Artikkelin kirjoittaja on Data Scientist Pekka Tiusanen Bilotilta, jonka kanssa Louhia yhdistyi kesäkuussa 2018. Jatko-osa seuraa ensi viikolla.
ABOUT HIT RATE FORECASTING
Challenges in the sales process and management are common to many organizations. Improved data availability and machine learning algorithms provide means to forecast sales opportunity hit rates, which brings forth two interesting ML use cases. On the sales management level, keeping track of the sales funnel is essential and expected profit from the current sales pipeline is definitely of interest. On the contrary, individual salespersons have to be aware of critical price points in order to optimize profitability. Machine learning can answer such questions as “How much money do I currently have in the sales pipeline?” and “What price should I offer in this situation?”.

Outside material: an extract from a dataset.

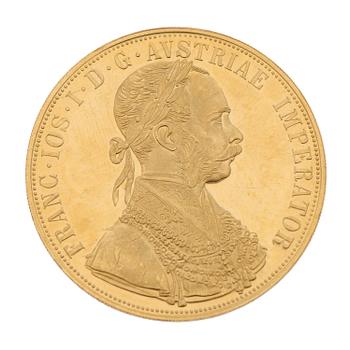 GOLDCOIN, 4 ducat, ca 23 k, FRANZ JOSEPH I 1915, Austria-Hungary. Weight ca 14 g.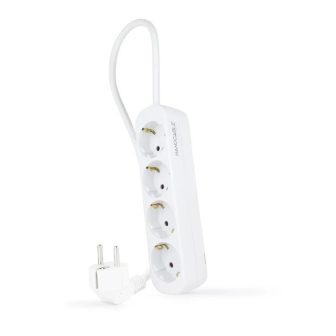 Nanocable Régua de Tomadas com 4 Tomadas, 1,4 m, Branco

DATA ACQUISITION & MANIPULATION
The forecasting results will be only as good as your model and data. Opportunity hit rate is in the least to some extent dependent on price, lead type and margin. Hence, CRM attributes are worthwhile to consider in any hit rate engine. However, relevant information may reside in various data sources, such as ERP, IoT and social media. In large organizations, it is often most convenient to import all the forecasting attributes from an existing data warehousing architecture. Having finished the compilation stage, one may have to spend some time on joining tables and transforming data to form a comprehensive set of relevant features with good data quality.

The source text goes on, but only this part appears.